What might you expect to find in a museum dedicated to hair? Fancy hairstyles? Photos depicting how hairstyles have changed throughout the ages? Not at Leila’s.
In fact, Leila’s is the only museum in the world dedicated to hair – not just hair, but art made using hair. No one knows exactly when or where hair art began; however, it thrived in Victorian times and is traceable to the 1100s. While most pieces were of a memorial nature, this was also a means of remembering individuals before photography was invented. It was considered a token of love as well as a memorial to someone who had passed away. There are traditions that date back hundreds of years that illustrate it was commonplace for a lock of hair to be given to a beloved.

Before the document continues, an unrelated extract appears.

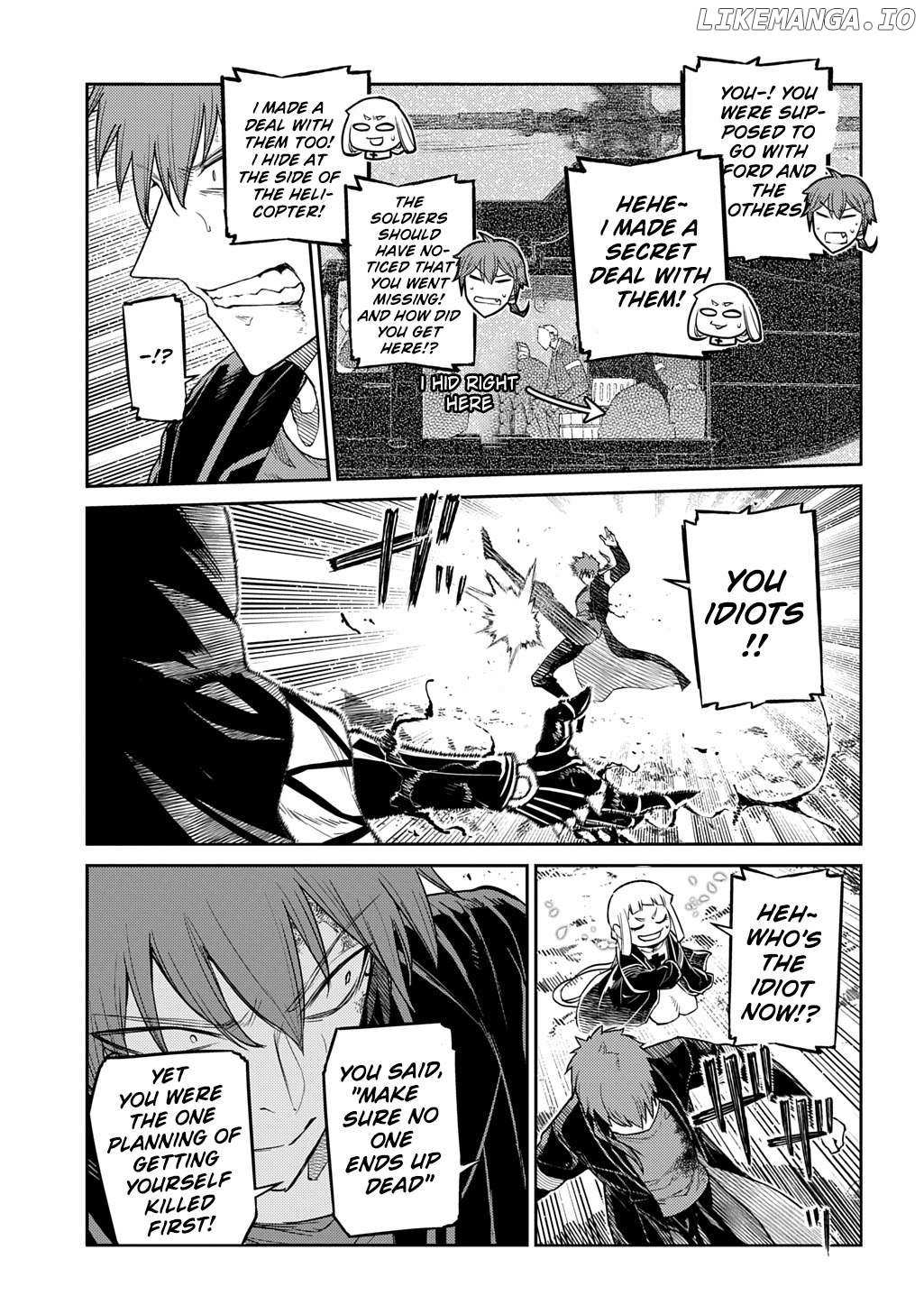 Read Reincarnation no Kaben EN Manga Online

The oldest piece in Leila’s Hair Museum was created in 1680. It came to the United states through a Swedish family in the 1800s. A true masterpiece, the piece was sold to the museum by the last in this family’s bloodline so that generations to come could admire its intricacy.

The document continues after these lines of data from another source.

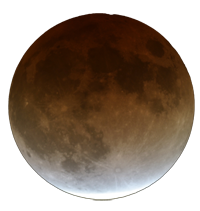 Moon during Lunar Eclipse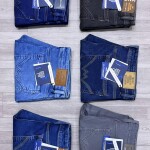 Wood machine Ankle Fit Jeans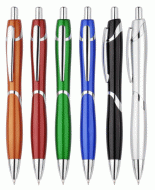 Coloured Plastic Pen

The museum also housed special necklaces known as sepia. A sepia is a picture that has been created with pulverized hair. Hair is crushed into a fine powder and tinted with paints in order to create a picture that will serve as remembrance of the individual. One piece depicts a weeping willow and was painted using the hair of a young woman who had passed away at 25. The scene is that of her young, widowed husband crying at her grave.
This is one of the facets of this museum that makes it so unique – there resides in every piece the story behind its creation. Sometimes, the name and even the birth and passing dates of the individual are included in the work. And sometimes, these pieces were used as a means of preserving a genealogical tree and included many names and hair from individuals of a family.